L'Italia ha imboccato la strada opposta. I partiti e persino le istituzioni (fra cui la stessa magistratura) non hanno altro orizzonte fuorché quello della propria sopravvivenza, della propria identità, della difesa delle proprie prerogative. Conosciamo bene i nostri mali: spese inutili, un Parlamento pletorico, una classe politica avida, una burocrazia e una giustizia paralizzanti, un gettito fiscale che non giova alla crescita perché serve in buona parte a pagare i debiti del Paese. Ma ogniqualvolta un governo cerca di prendere il toro per le corna, quasi tutti vedono nelle riforme soltanto il danno che potrebbe derivarne per la famiglia politica o sindacale a cui appartengono. Come nella penisola balcanica all'inizio degli anni Novanta, il desiderio di sfogare la propria rabbia e punire il «nemico» prevale su qualsiasi altra riflessione.
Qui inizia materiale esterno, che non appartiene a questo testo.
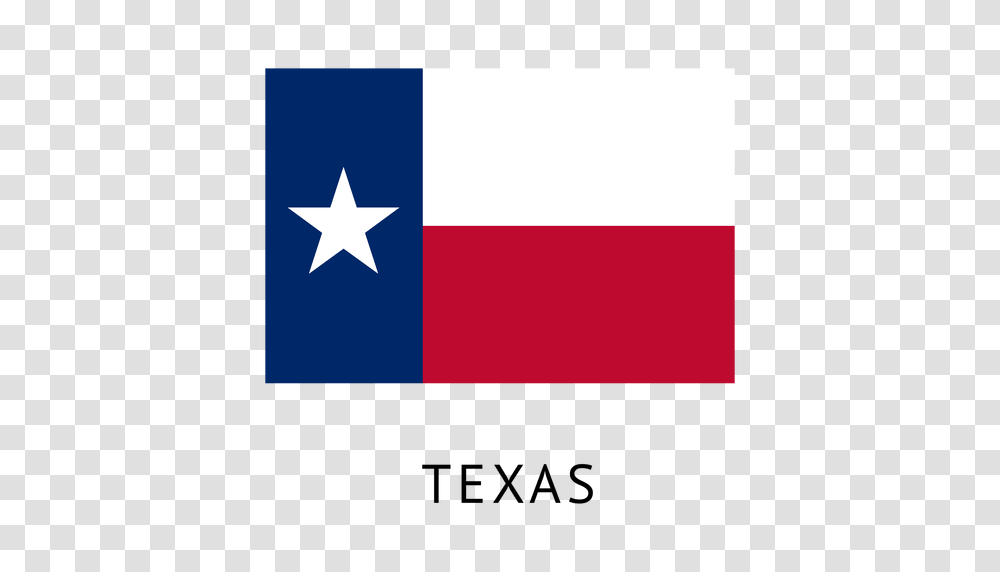 Texas State Flag, American Flag, Star Symbol Transparent Png
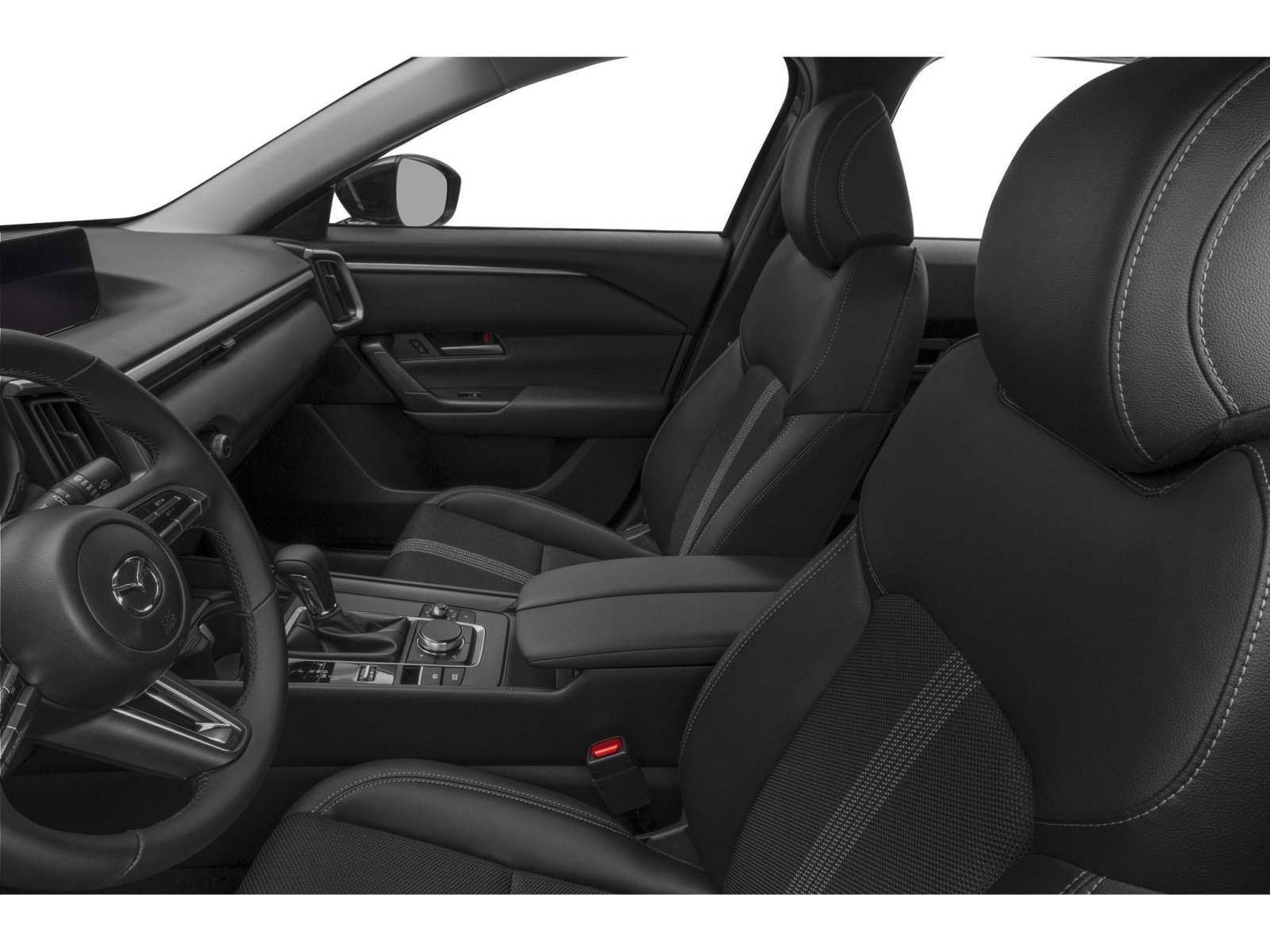 New 2026 MAZDA CX-50 Meridian Edition w/ Weather Package image 6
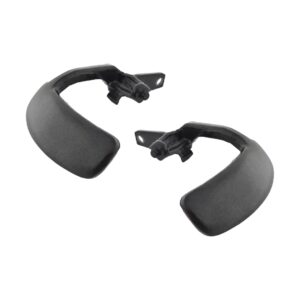 Kit Maçaneta Porta Interna Lado Direito e Lado Esquerdo Chevrolet Silverado – Grand Blazer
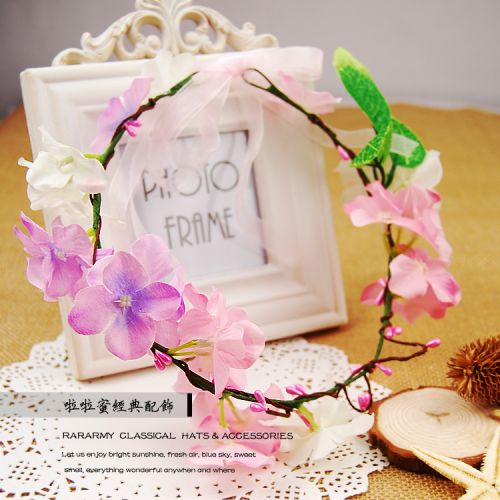 Accessoire coiffure - Ref 1202294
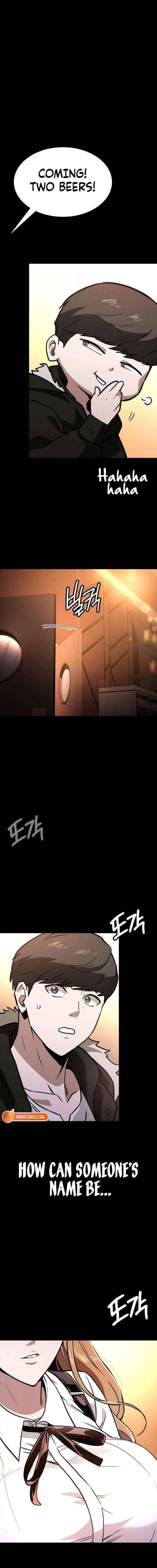 The NIS Rookie Chapter 7 page 24 - 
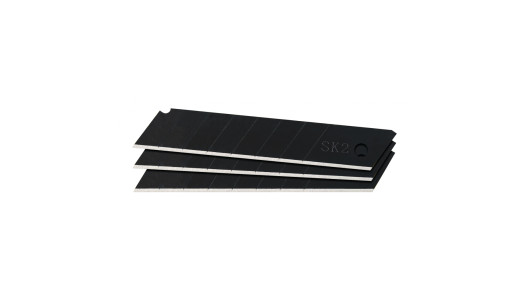Set 10 lame cutter SK2 18x100x0.5mm TMP image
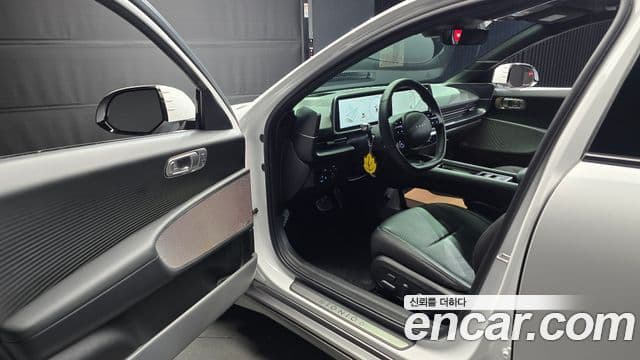 Hyundai Ioniq 6 Prestige, 2023 11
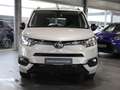 Toyota Proace City VERSO 1.2 TEAM D AUTOMATIK AHK/NAVI Beige - thumbnail 5
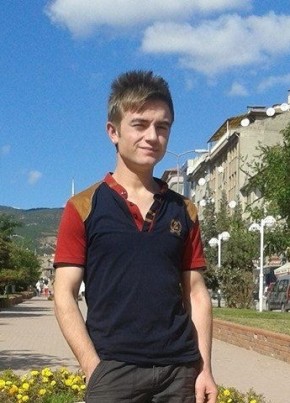 Mustafa, 29, Türkiye Cumhuriyeti, Turgutlu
Per un breve periodo (i primi mesi del governo Monti) abbiamo sperato che le maggiori forze politiche avrebbero assicurato all'esecutivo la loro collaborazione. Più recentemente abbiamo sperato che il risultato inconcludente delle elezioni avrebbe costretto i maggiori partiti (quelli che hanno grosso modo programmi convergenti) ad accantonare i loro dissensi. Avrebbero dato al Paese un governo e al Movimento 5 Stelle lo spettacolo di una classe dirigente ancora capace di un soprassalto di orgoglio e buon senso. È accaduto esattamente il contrario. Nessuno è disposto a sacrificare qualcosa o a fare un passo indietro. Come nei Balcani, durante il decennio degli anni Novanta, si è perduto, a quanto sembra, il sentimento di un destino comune. I primi ad accorgersene saranno i partner europei e, naturalmente, i mercati. Quando constateranno che l'Italia balcanizzata è soltanto un campo di battaglia fra corporazioni economiche e istituzionali, tutti smetteranno di attendere il suo risanamento e cominceranno a scommettere sul suo collasso. Il costo del debito aumenterà e tutto diventerà ancora più difficile. Beninteso, quel giorno le battaglie corporative che hanno paralizzato il Paese avranno perduto qualsiasi significato: non vi sarà più niente da spartire.